LS(2)	 #shows what objects are in "car"
LS(3)  #shows the car dataset examples 
info(Duncan)	# occupational prestige dataset originally analyzed by Duncan (1961)
Duncan    	
?Duncan #to see what the variables mean
str(Duncan)	# function "structure"

          				
#4 BASIC PLOT OF THE DATA  ---------------------
# Note: Researchers are increasingly realizing that visual inspection of the data should be the first step in analyses. R's excellent graphing ability, and its interactive nature, makes such data exploration simple. For the next two lectures, we'll mainly rely on R's pre-built graphics functions; later in the class we'll get to customizing publication-quality graphs
?plot		# plot says its first 2 arguments are x & y
# as a first pass, we can look at "Duncan" - from reading ?plot, can you figure out why plot works on a single object (no x & y)?
plot(Duncan)			
methods(plot)	 # this lists all the methods associated with "plot" function. What methods(plot) is telling you is all the different functions that "plot" actually is, depending on the class you feed to it

class(Duncan)    # remember from the 1st lecture: the CLASS of an object determines how a function ("plot" in this case) treats it
?plot.data.frame # *this* then is actually the function being called by plot when you feed it a data.frame and only specify the x argument

Duncan$type; as.numeric(Duncan$type) 	# shows us the coding of prof, wc, and bc
search()
prestige				# returns an error
attach(Duncan)	# you can attach data.frames (and lists) to the search path as well. In GENERAL, I recommend against doing this, but it does save us from having to do lots of typing "Duncan$" throughout the rest of this script, so just this once... This is an example of "do as you're told, not as I do" :O
search()
prestige				# doesn't return an error. Make sure you understand why!
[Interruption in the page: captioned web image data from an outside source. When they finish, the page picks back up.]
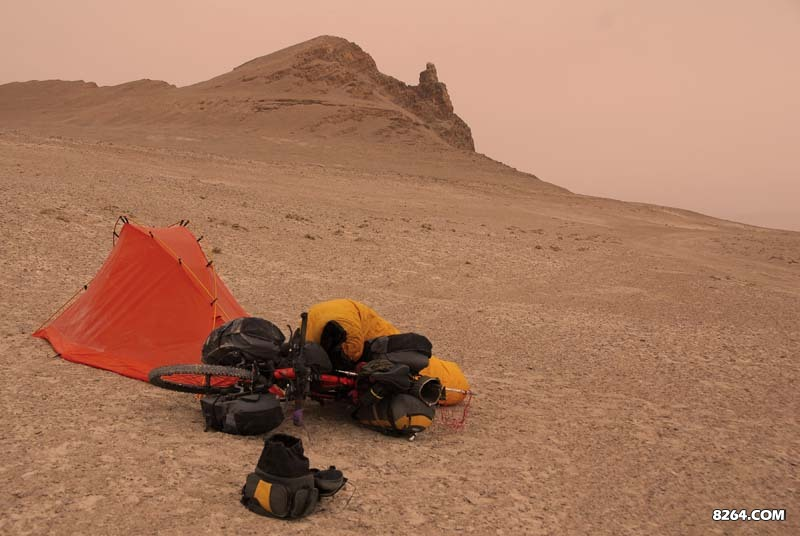 营地，从上图中可看见遥对的此山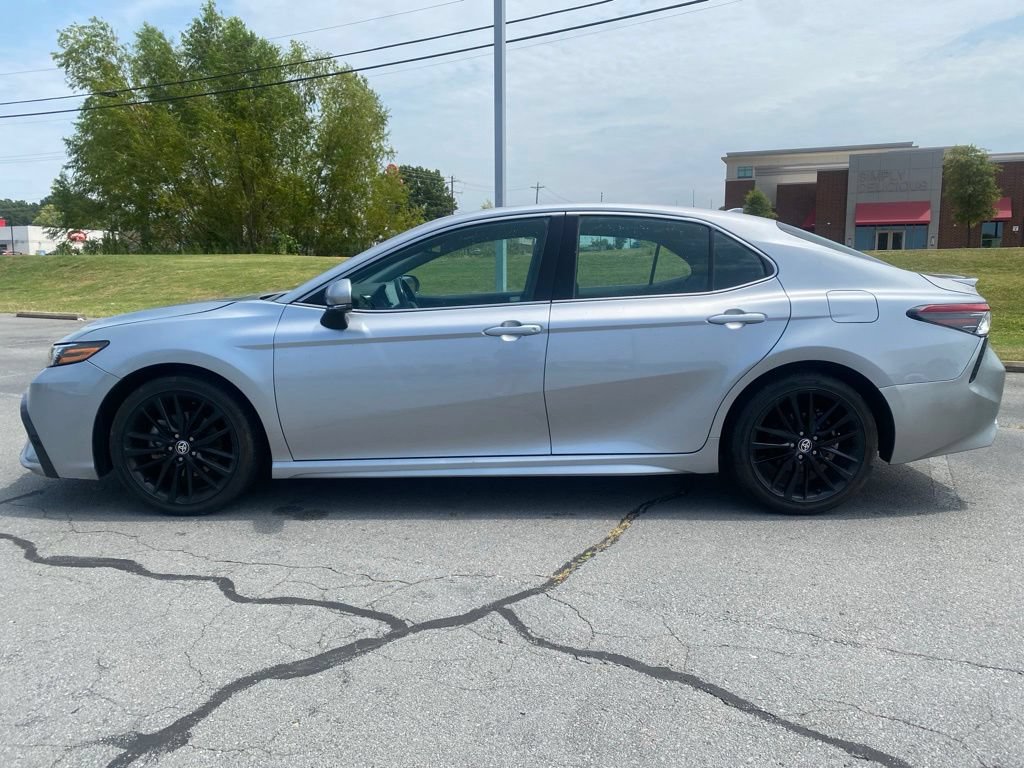 Used 2024 Toyota Camry XSE FWD image 4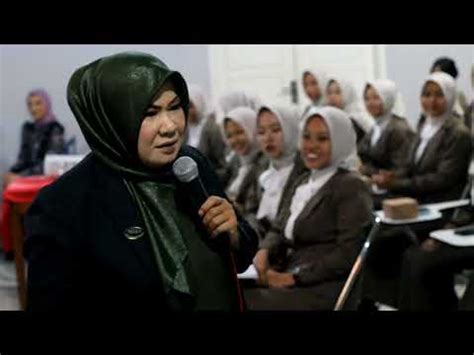 Maya Ismail Public Speaking Dalam Dunia Kerja SMKN 1 Metro Rabu 31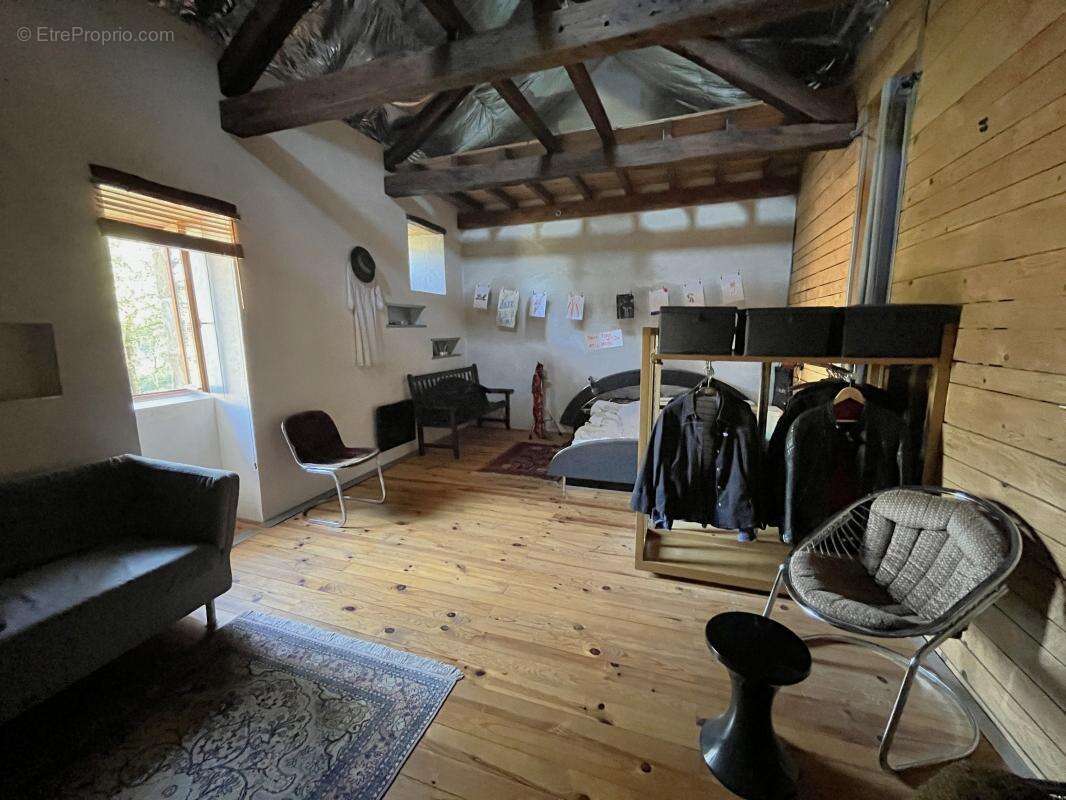 Maison en pierres rénovée + terrain 2400m² - photo 15
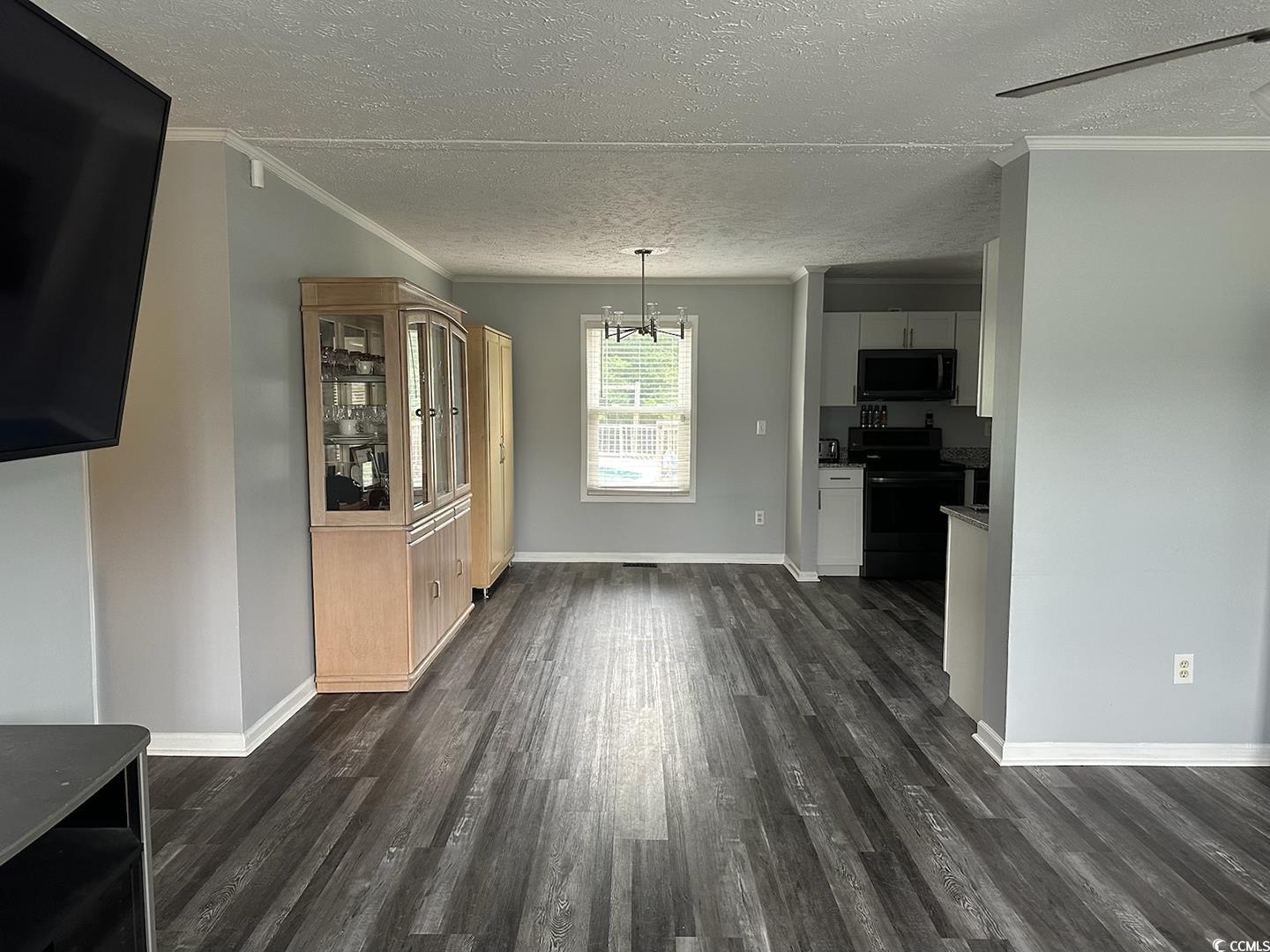 288 Farris Rd. Property Photo 4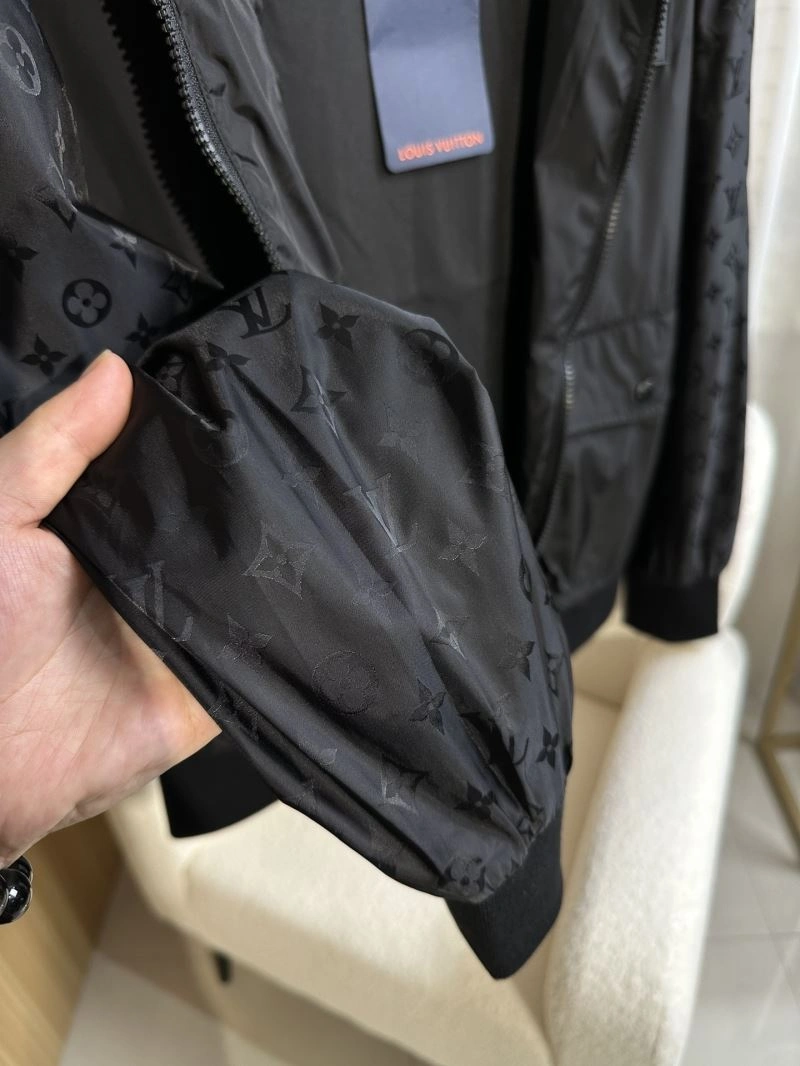 Reliable Louis Vuitton Outwear 136526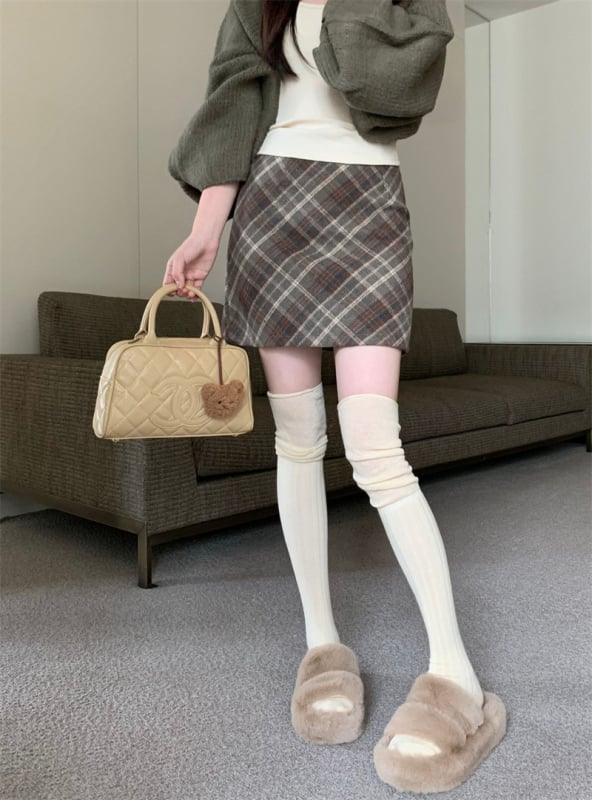 A-vonalú kockás szoknya, poliészter 95%+, retro stílus, téli szezon 2023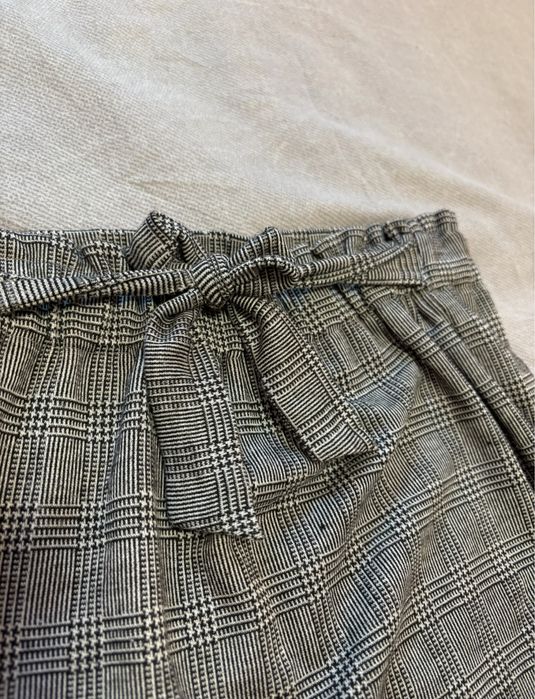 Сіра спідниця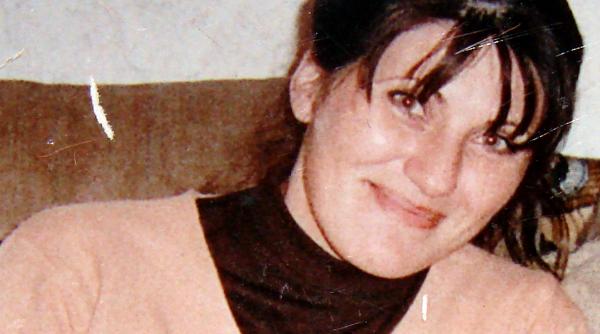 elodia sunt ca o bucata de piatra inerta grea rece rea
#5 HISTOGRAMS OF THE DATA	---------------------
hist(prestige)
hist(type)	# "hist" function only wants objects of mode numeric; such errors HELP the user, making sure we know what we're doing. If you're unclear, see what the mode of type is!
hist(as.numeric(type))	# notice how it's easy to change the mode of an object ("type" here) on the fly. But please remember that to change from something that looks numeric but that's actually a factor in R, you have to do it differently:
(fac <- as.factor(c(3,3,3,2,2,'a','a','b',1,1,'c',4,4)))
#THIS is how to change a factor to a numeric (if the factor labels have a numeric meaning)
(num.fac <- as.numeric(as.character(fac))) 
mode(num.fac)
summary(num.fac)
#this is how NOT to do it:
(num.fac.bad <- as.numeric((fac)))#this is how to change it
mode(num.fac.bad)
summary(num.fac.bad) #mean is 3.54 instead of 2.56 - 2.56 is probably the right way to think about these values


# "par" is a lot like the function "options" except it changes the defaults for graphics only. It is a A VERY USEFUL FUNCTION to have in your bag of goodies (or book of spells for you Harry Potter fans)
op <- par(mfrow=c(2,2))	 # mfrow is a handy option - it says to split the screen up into (here) 2 rows and 2 columns. When you assign "par" to something, it returns the *original* values of "par" - making it easy to change the graphing options back to its defaults, just like we did with options() above
op			 # see - "op" is just the value that "mfrow" was *before* we changed it
hist(as.numeric(type))
hist(income,col='blue')
hist(education,col='red')
hist(prestige,col='green',main="This be my HISTO")
par()$mfrow
par(op)			# now we change the mfrow back to being a 1x1 (a single graph)
par()$mfrow


#6 BASIC SCATTERPLOTS OF THE DATA		---------------------
plot(Duncan)		# we've already seen the default "plot" behavior for class(x)=data.frame; now let's look in more detail
plot(prestige~income)	# this is the default behavior for when "plot" gets a formula (y~x is formula notation in R)
formula.p.i <- prestige~income
info(formula.p.i)
plot(formula.p.i)	# same thing; so we see a very strong relationship between income and prestige
abline(lm(formula.p.i))	# when "abline" or "a to b line" gets an object of class "lm" (linear model), it returns a best fit line. Note that the best fit line was ADDED to the existing plot - many plotting functions in R add to an existing plot rather than create a new one. VERY useful for building cool plots. And again, it's important to be aware of the class of the object being passed to R functions
plot(formula.p.i,main="Prestige regressed on income",pch=19,col='blue')
abline(lm(formula.p.i),col='red',lty=2,lwd=3)    # changing the defaults to "abline"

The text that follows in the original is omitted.